REPUBLIKA.CO.ID, BEIRUT -- Sebagian besar kelompok oposisi di Suriah sepakat untuk menyerahkan kota yang mereka kuasai ke tangan Presiden Bashar al Assad. Mereka mengaku siap tunduk dengan peraturan yang dibuat Assad.
Penyerahan kekuasaan ke tangan pemerintah dilakukan setelah tercapainya kesepakatan antara pemerintah dengan oposisi. Mereka juga sepakat untuk menyerahkan Bosra al-Sham, yang sekaligus akan menjadi kehilangan besar bagi oposisi.
Observatorium Hak Asasi Manusia di Suriah mengatakan, oposisi yang terletak di Bosra al-Sham juga telah menyerahkan persenjataan mereka kepada pemerintah. Milisi oposisi juga terlihat menyerahkan kendaraan tempur ke sekutu Suriah, Rusia.

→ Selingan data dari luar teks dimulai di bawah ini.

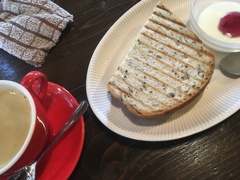 赤いコーヒーカップ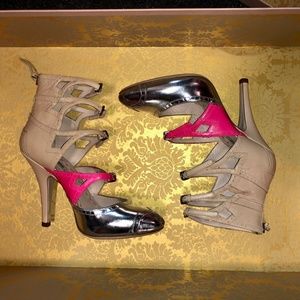 NEW Size 36 MIU MIU Nude Hot Pink Silver Pumps
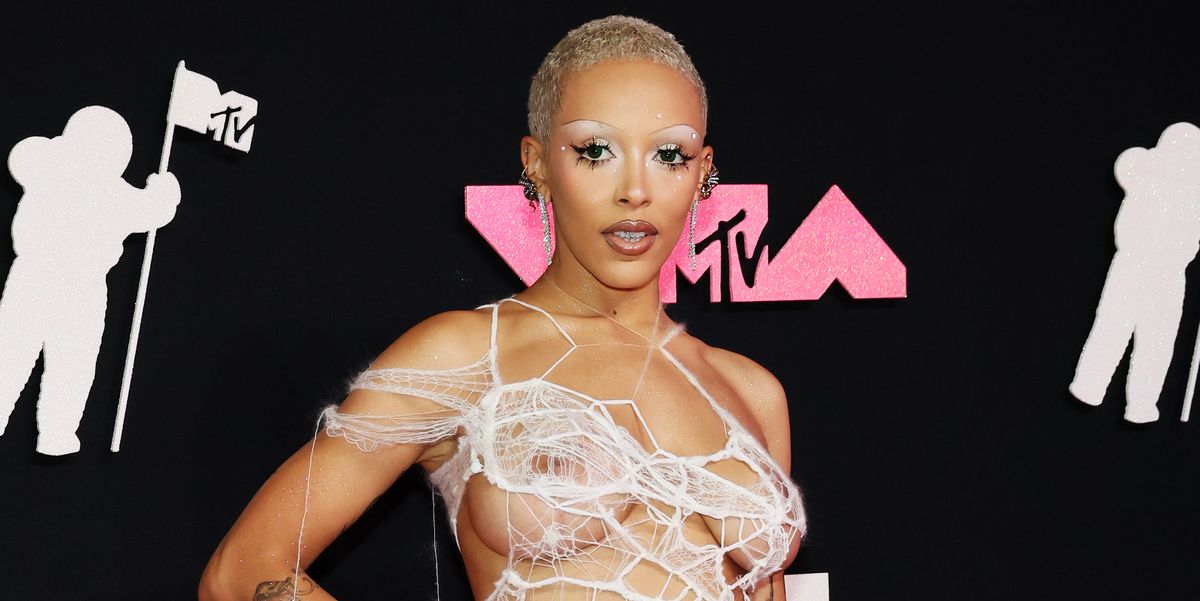 Doja Cat's 2023 VMAs Dress Looks Like It's Entirely Made Out of Draping Cobwebs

Oposisi yang berada di Bosra al-Sham, barat daya Suriah, juga telah mempersilakan tentara pemerintah untuk memasuki kota tersebut. Sebelumnya negosiasi damai berjalan alot setelah Rusia bersikukuh pada ketentuan penyerahan diri oposisi. Namun milisi mencari kesepakatan yang menjadikan Yordania sebagai penjamin keamanan 800.000 warga Provinsi Deraa.
Kesepakatan tersebut terjadi menyusul bombardir yang dilakukan militer pemerintah Suriah ke Tafas, barat laut Deraa. Pemerintah juga meluncurkan sejumlah serangan udara ke kawasan tersebut.
Serangan dilakukan untuk merebut kekuasaan di dua kota terakhir benteng pertahanan oposisi. Militer pemerintah juga telah berhasil mengambil alih kendali kawasan yang berada di sekitar damaskus dan Homs awal tahun ini.
Sementara, kawasan barat daya merupakan zona penguragan perang dan bombardir yang disepakati Rusia, Yordania dan Amerika Serikat (AS). Washington memperingatkan akan menanggapi pelanggaran perjanjian ini. Pekan lalu, pemberontak mengatakan AS telah mengatakan kepada mereka untuk tidak mengharapkan dukungan militer Paman Sam.
Menteri Luat Negeri Yordania Ayman Safadi mengatakan, negaranya secara intensif memdiasi perbincangan damai antara semua pihak terkait. Dia mengatakan, hal itu dilakukan agar tercipta gencatan senjata yang menghidari korban warga sipil.